§ **MATERIAL TO PROCESS**
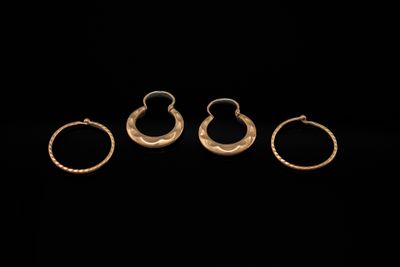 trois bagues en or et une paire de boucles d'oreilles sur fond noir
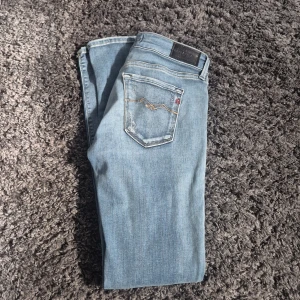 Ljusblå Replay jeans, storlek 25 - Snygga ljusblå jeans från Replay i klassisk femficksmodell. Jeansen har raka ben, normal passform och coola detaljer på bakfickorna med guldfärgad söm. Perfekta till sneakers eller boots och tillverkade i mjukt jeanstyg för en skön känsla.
==
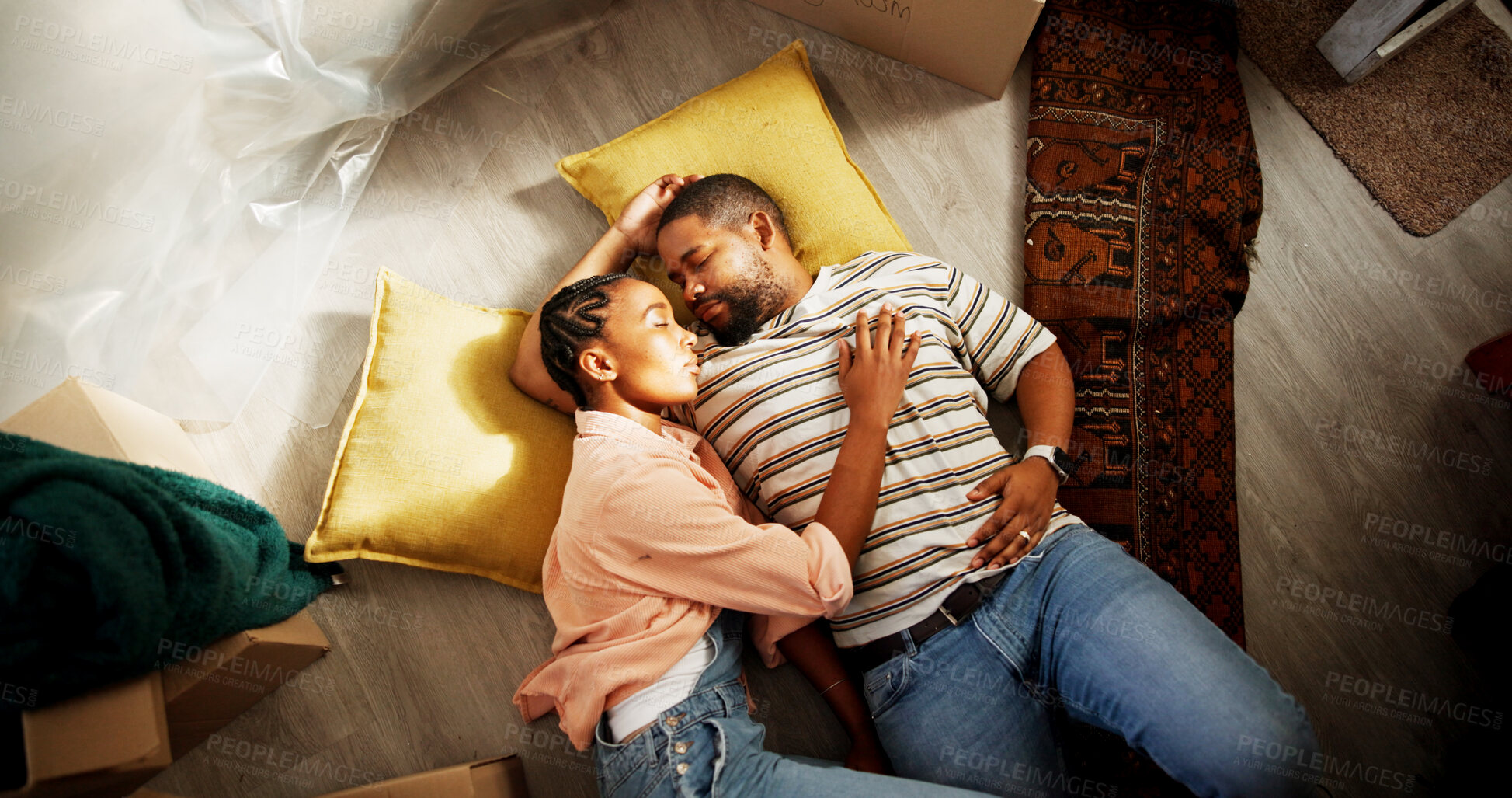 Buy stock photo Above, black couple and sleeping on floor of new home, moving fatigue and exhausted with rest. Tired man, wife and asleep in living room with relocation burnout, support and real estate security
--
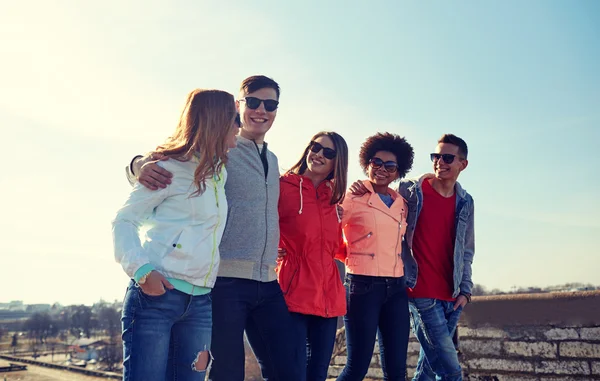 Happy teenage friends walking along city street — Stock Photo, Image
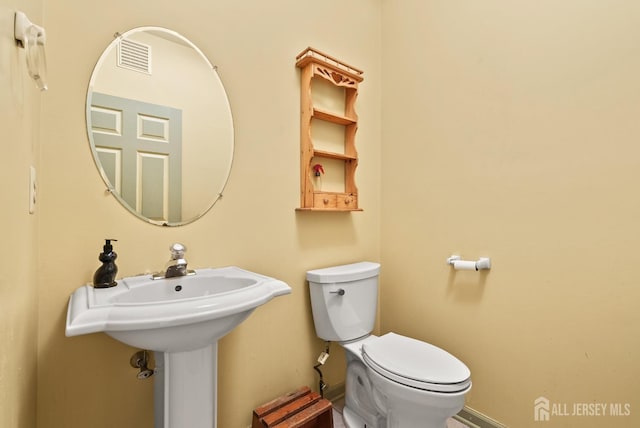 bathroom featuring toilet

§ **ABOUT THIS TASK**
What are the lines above from the one with "trois bagues en" to the one with "Ljusblå Replay jeans, storlek", both included? Reproduce them exactly, without pictures.

§ **WRITTEN ANSWER**
 trois bagues en or et une paire de boucles d'oreilles sur fond noir
 Ljusblå Replay jeans, storlek 25 - Snygga ljusblå jeans från Replay i klassisk femficksmodell. Jeansen har raka ben, normal passform och coola detaljer på bakfickorna med guldfärgad söm. Perfekta till sneakers eller boots och tillverkade i mjukt jeanstyg för en skön känsla.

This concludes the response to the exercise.